Danielle Scott

Danielle Scott is a mixed-media assemblage artist and grew up in Jersey City, New Jersey. She graduated from Newark’s Arts High School in 1997 where she received the “Congressional Art’s Award” and her first oil painting was placed in The Capital of the United States for a year. Danielle holds a B.F.A. from the School of Visual Arts in New York, graduating with a triple major in Fine Arts, Art Therapy and Art Education (Honors Fine Arts). Danielle studied under the late famous African American Artist Jack Whitten.

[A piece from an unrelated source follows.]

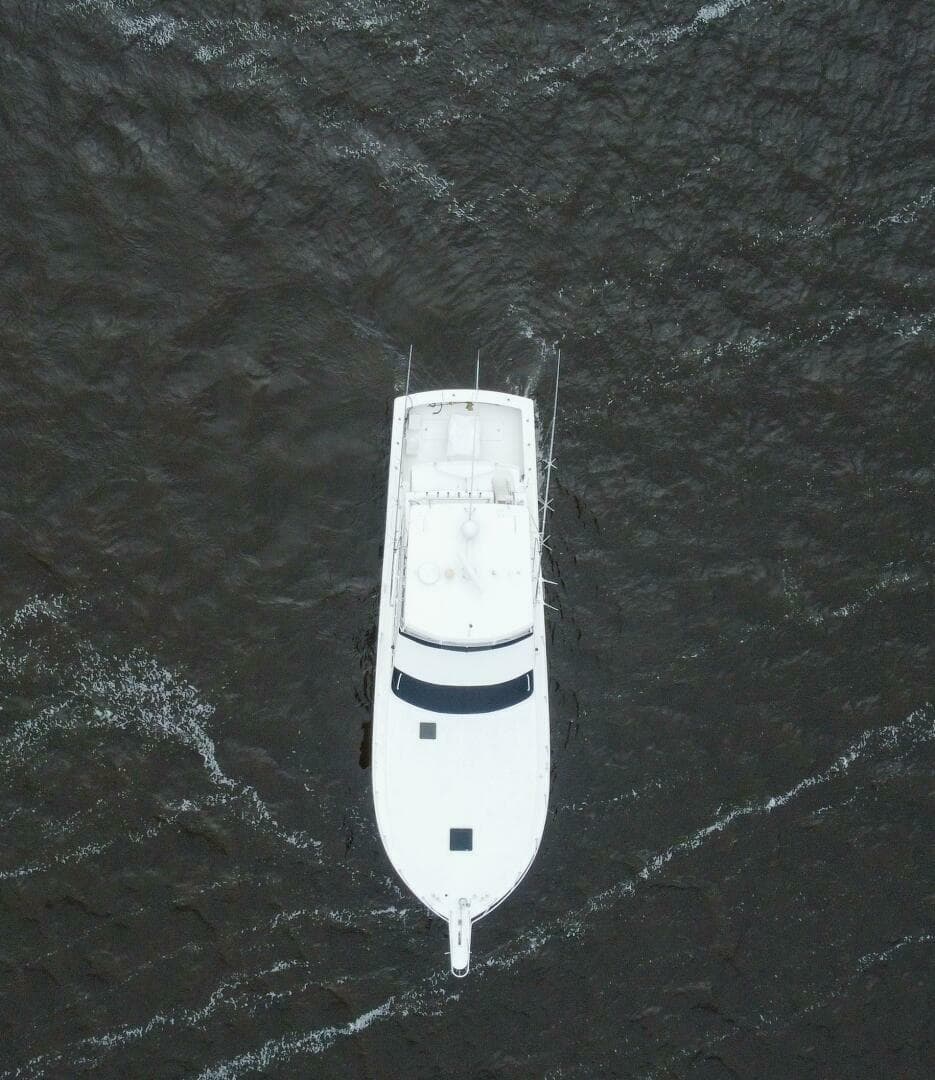 1992 Viking Convertible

Danielle has taught Art at the Academy of the Art’s at Henry Snyder High school in Jersey City for nineteen years. A soft-spoken artist, Danielle has begun to use her art as a conduit to explore bold; fearless, thought-provoking work - work which draws its inspiration largely from her own journey and life experience. Her latest pieces are brazen offerings conveying the intense beauty and wretched pain the artist absorbs from the world around her. She creates using photo montage, found objects, paint, raw materials, old books and collage. From vivid paintings to piercing photography to striking sculptures, all of Danielle’s artistic offerings aim to arrest the viewer and transport them away from the pretentious and into a realm rooted in truth. With heavy influence from a few of the art world's most activated and unapologetic such as Gladys Barker Grauer, Ben Jones, Betty and Alison Saar and Renee Stout, her work is created to enrich and push the needle forward. She chooses to explore and connect the intertwining relationships between social justice, equality, human and women’s rights, police brutality, femininity, and culture. As a woman, a mother and self-identified lesbian, Afro-Cuban, Polish-Jew in America, Danielle Scott’s perspective has been shaped with merciless hands yet has not been tainted by apathy. Her perspective gives way to audaciousness of hope.